* **Exercise aim**: For every line below, output the text exactly and leave out images.

* **The input**:
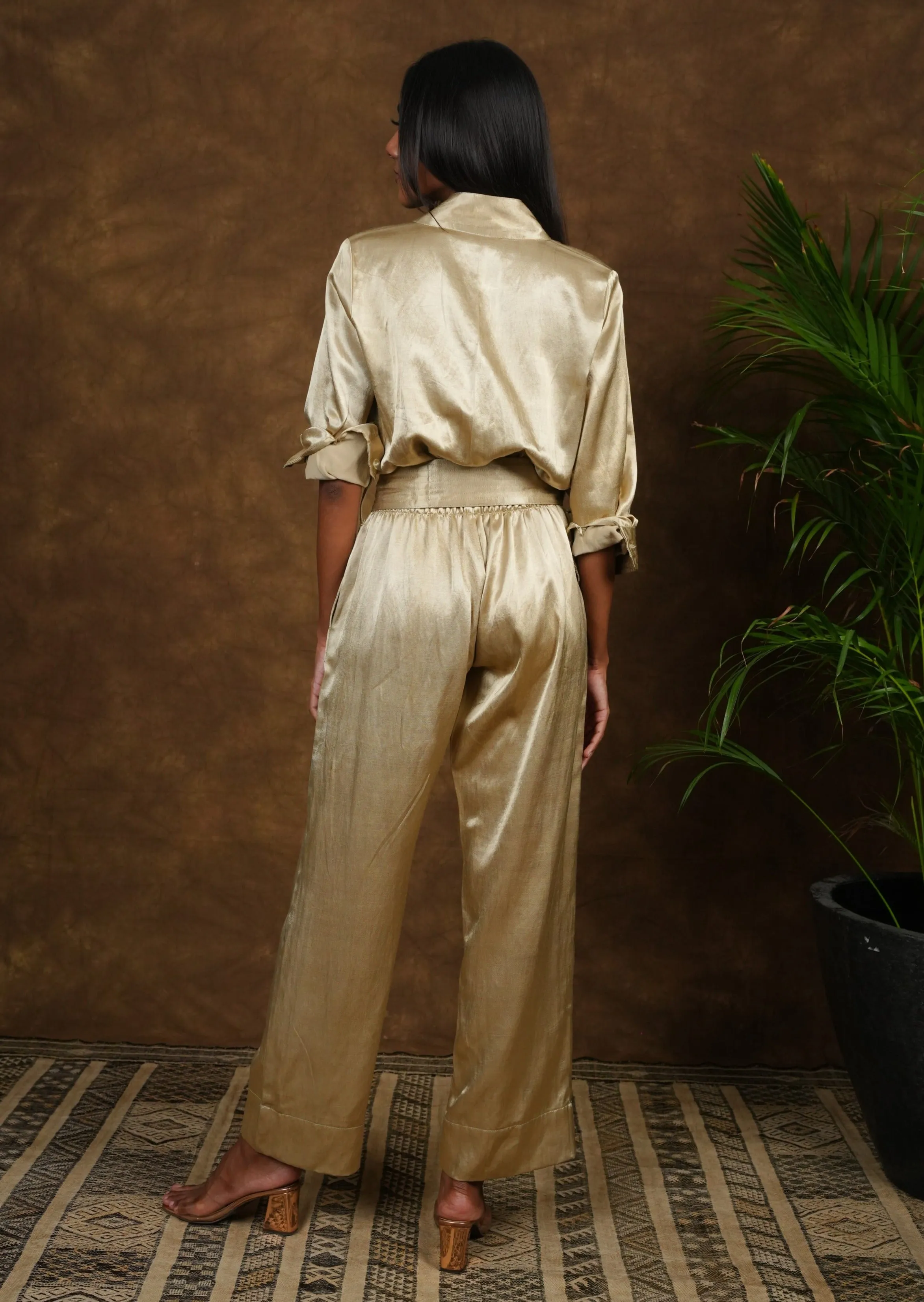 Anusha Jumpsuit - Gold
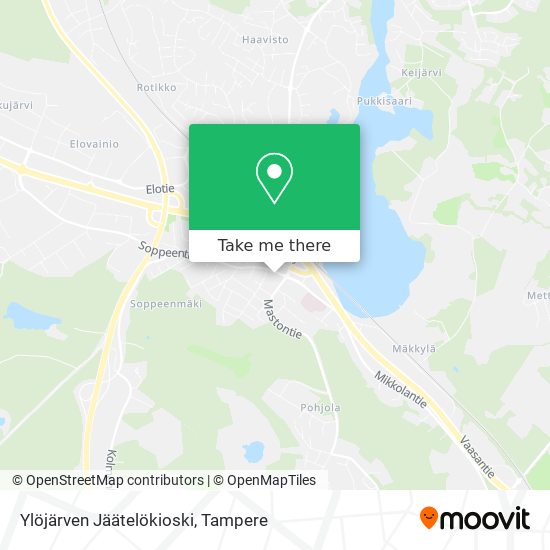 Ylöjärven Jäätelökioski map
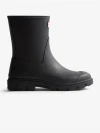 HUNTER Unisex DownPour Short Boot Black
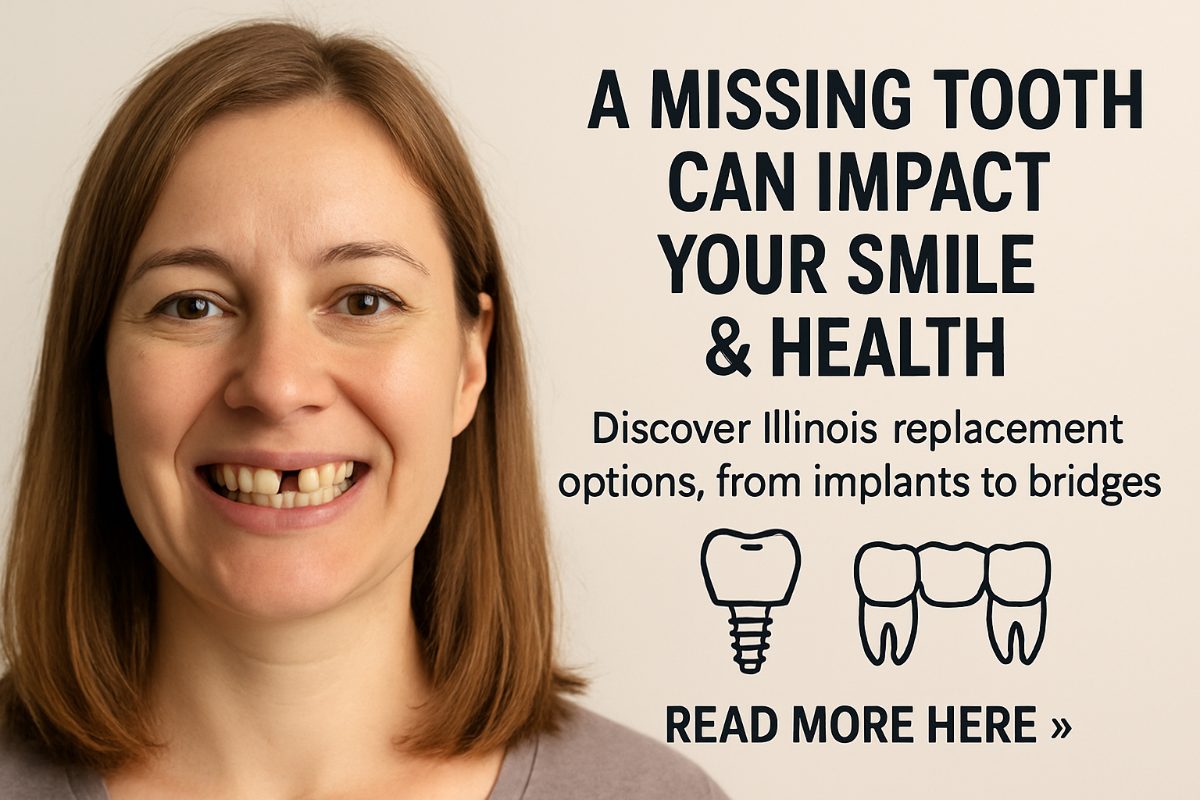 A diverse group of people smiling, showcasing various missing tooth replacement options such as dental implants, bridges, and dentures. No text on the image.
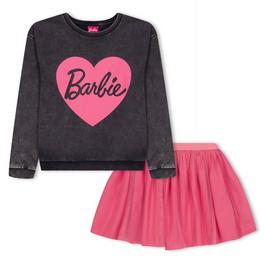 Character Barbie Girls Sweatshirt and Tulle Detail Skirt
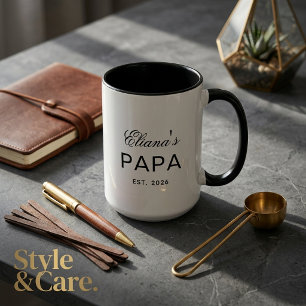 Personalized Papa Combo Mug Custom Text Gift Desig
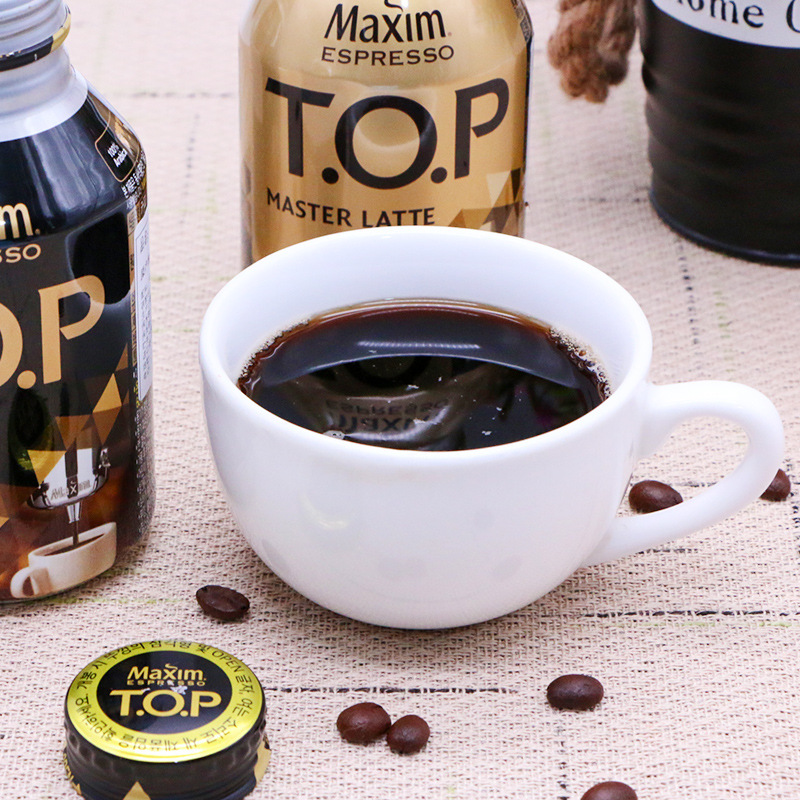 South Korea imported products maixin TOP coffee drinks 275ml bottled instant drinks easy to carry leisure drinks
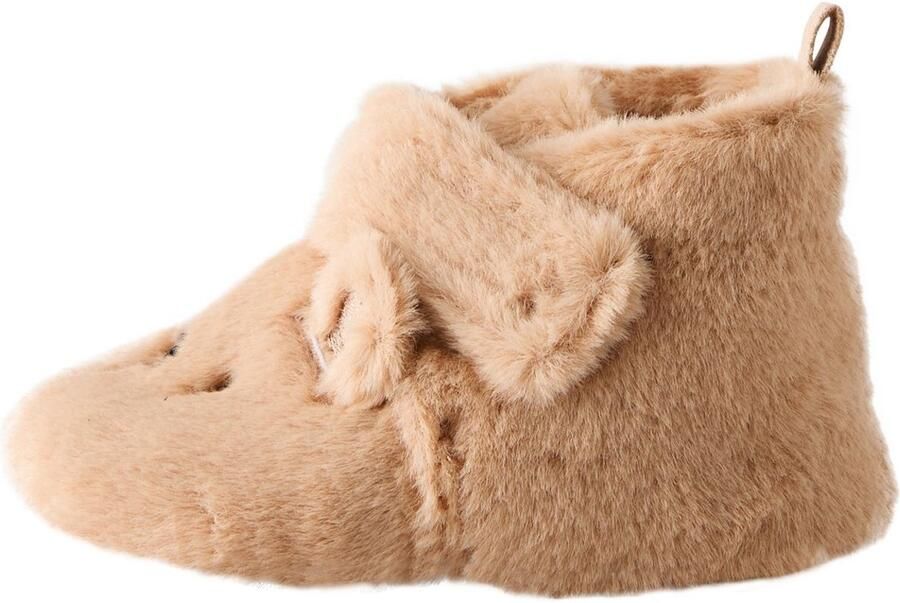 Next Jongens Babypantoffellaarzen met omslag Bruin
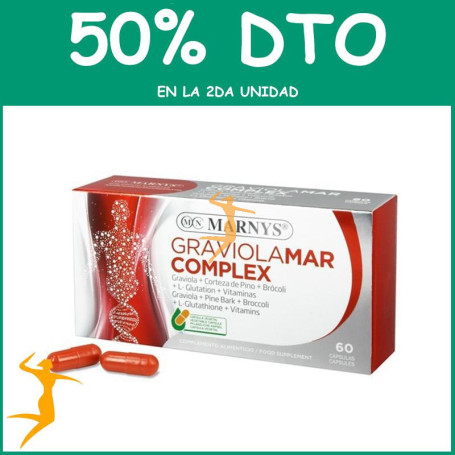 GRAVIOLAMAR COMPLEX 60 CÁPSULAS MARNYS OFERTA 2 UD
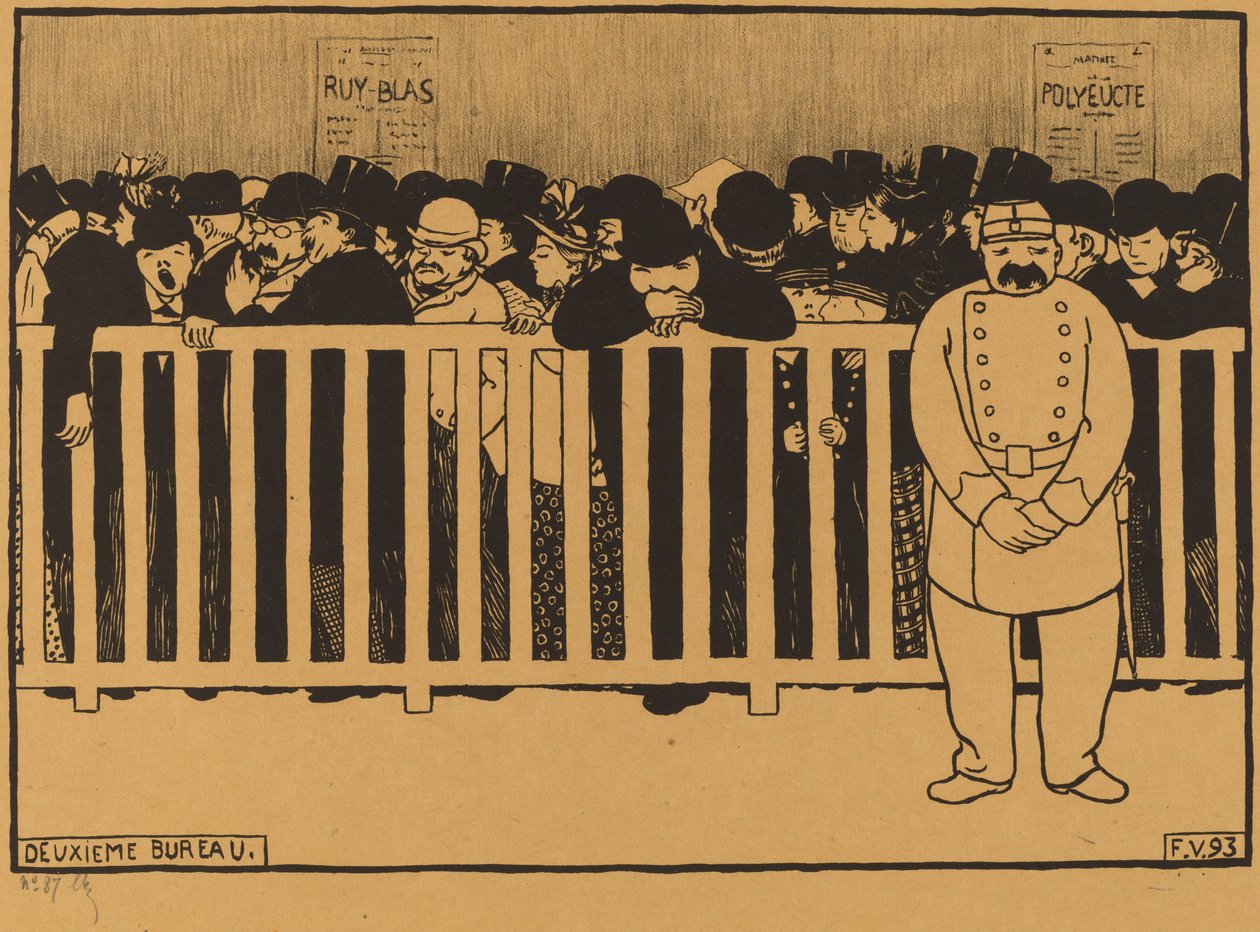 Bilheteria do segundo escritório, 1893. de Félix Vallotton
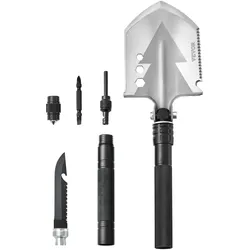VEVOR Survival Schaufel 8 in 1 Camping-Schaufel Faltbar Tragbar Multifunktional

* **Task result**:
 Anusha Jumpsuit - Gold
 Ylöjärven Jäätelökioski map
 HUNTER Unisex DownPour Short Boot Black
 A diverse group of people smiling, showcasing various missing tooth replacement options such as dental implants, bridges, and dentures. No text on the image.
 Character Barbie Girls Sweatshirt and Tulle Detail Skirt
 Personalized Papa Combo Mug Custom Text Gift Desig
 South Korea imported products maixin TOP coffee drinks 275ml bottled instant drinks easy to carry leisure drinks
 Next Jongens Babypantoffellaarzen met omslag Bruin
 GRAVIOLAMAR COMPLEX 60 CÁPSULAS MARNYS OFERTA 2 UD
 Bilheteria do segundo escritório, 1893. de Félix Vallotton
VEVOR Survival Schaufel 8 in 1 Camping-Schaufel Faltbar Tragbar Multifunktional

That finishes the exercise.